→ Task directions:
Look through the data below and extract, unchanged, the lines from the one that contains "The man's hands" to the one that contains "istock Young Asia", both included.

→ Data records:
↓

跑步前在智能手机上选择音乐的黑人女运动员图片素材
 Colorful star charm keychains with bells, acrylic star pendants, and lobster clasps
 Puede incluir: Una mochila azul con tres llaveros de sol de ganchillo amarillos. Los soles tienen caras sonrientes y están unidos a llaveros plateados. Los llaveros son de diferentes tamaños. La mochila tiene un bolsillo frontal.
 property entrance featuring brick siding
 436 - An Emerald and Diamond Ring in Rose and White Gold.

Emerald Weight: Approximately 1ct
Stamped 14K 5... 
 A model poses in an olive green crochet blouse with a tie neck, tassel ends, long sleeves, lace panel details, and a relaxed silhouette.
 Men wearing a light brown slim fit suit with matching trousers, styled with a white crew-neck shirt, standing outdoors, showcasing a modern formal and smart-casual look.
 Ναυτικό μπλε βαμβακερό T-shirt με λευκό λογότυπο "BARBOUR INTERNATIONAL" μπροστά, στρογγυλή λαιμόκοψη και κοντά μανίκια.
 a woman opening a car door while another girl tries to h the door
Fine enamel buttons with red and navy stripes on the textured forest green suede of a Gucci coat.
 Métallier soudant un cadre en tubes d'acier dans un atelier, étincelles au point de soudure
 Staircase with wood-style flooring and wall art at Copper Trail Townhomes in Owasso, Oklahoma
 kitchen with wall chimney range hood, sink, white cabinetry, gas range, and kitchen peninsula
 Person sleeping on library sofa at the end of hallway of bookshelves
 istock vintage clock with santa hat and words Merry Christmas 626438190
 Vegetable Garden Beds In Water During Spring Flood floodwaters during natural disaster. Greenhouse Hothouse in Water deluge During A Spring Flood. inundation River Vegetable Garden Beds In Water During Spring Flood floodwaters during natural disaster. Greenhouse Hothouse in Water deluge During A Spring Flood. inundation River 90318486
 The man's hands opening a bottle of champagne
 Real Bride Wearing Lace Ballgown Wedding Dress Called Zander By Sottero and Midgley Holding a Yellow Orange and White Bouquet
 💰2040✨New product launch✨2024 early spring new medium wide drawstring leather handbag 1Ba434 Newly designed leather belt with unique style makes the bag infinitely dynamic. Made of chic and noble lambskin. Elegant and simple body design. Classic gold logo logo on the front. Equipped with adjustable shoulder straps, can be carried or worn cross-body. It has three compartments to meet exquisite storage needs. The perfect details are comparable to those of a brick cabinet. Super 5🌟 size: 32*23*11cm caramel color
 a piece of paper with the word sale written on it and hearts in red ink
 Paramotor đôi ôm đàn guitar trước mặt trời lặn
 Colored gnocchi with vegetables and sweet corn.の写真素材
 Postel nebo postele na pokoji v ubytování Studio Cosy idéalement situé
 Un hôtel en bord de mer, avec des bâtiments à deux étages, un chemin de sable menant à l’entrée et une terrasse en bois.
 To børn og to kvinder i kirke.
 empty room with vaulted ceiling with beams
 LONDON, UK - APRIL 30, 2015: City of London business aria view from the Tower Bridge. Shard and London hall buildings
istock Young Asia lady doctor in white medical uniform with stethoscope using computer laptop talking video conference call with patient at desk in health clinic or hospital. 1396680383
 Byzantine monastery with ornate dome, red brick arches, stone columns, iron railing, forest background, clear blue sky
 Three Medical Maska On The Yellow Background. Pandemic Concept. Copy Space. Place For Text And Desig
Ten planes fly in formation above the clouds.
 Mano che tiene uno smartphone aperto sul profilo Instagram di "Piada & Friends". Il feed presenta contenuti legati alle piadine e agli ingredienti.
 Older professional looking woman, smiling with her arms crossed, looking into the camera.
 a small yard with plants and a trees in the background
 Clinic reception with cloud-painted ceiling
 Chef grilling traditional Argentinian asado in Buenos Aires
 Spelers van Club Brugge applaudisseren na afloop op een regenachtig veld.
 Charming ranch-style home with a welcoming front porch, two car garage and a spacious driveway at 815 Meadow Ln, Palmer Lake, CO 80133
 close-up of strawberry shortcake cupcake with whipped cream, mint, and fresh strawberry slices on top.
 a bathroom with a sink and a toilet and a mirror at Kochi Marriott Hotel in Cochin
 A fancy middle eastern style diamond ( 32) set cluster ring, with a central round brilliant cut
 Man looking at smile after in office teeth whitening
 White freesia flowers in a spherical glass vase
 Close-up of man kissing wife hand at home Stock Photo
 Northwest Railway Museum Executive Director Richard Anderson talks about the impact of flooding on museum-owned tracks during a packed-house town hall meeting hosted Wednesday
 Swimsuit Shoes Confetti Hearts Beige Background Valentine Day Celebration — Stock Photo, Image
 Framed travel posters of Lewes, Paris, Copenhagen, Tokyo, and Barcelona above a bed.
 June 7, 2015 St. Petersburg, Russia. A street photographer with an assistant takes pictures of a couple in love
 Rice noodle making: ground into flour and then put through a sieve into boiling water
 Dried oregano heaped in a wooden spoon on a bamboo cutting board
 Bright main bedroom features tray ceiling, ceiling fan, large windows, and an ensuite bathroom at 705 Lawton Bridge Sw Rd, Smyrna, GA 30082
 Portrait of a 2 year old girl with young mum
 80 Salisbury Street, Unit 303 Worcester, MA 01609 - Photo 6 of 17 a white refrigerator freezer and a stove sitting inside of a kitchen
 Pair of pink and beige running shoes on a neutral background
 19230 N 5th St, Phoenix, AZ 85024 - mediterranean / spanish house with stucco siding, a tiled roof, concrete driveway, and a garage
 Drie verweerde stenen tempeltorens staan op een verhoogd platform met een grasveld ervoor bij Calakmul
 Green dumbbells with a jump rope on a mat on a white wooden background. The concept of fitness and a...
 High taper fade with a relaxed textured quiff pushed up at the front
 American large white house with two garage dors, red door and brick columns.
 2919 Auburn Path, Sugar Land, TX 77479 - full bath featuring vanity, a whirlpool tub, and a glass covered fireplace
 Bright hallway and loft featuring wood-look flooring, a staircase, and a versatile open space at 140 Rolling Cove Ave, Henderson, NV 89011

↑

→ Answer for the task:
 The man's hands opening a bottle of champagne
 Real Bride Wearing Lace Ballgown Wedding Dress Called Zander By Sottero and Midgley Holding a Yellow Orange and White Bouquet
 💰2040✨New product launch✨2024 early spring new medium wide drawstring leather handbag 1Ba434 Newly designed leather belt with unique style makes the bag infinitely dynamic. Made of chic and noble lambskin. Elegant and simple body design. Classic gold logo logo on the front. Equipped with adjustable shoulder straps, can be carried or worn cross-body. It has three compartments to meet exquisite storage needs. The perfect details are comparable to those of a brick cabinet. Super 5🌟 size: 32*23*11cm caramel color
 a piece of paper with the word sale written on it and hearts in red ink
 Paramotor đôi ôm đàn guitar trước mặt trời lặn
 Colored gnocchi with vegetables and sweet corn.の写真素材
 Postel nebo postele na pokoji v ubytování Studio Cosy idéalement situé
 Un hôtel en bord de mer, avec des bâtiments à deux étages, un chemin de sable menant à l’entrée et une terrasse en bois.
 To børn og to kvinder i kirke.
 empty room with vaulted ceiling with beams
 LONDON, UK - APRIL 30, 2015: City of London business aria view from the Tower Bridge. Shard and London hall buildings
istock Young Asia lady doctor in white medical uniform with stethoscope using computer laptop talking video conference call with patient at desk in health clinic or hospital. 1396680383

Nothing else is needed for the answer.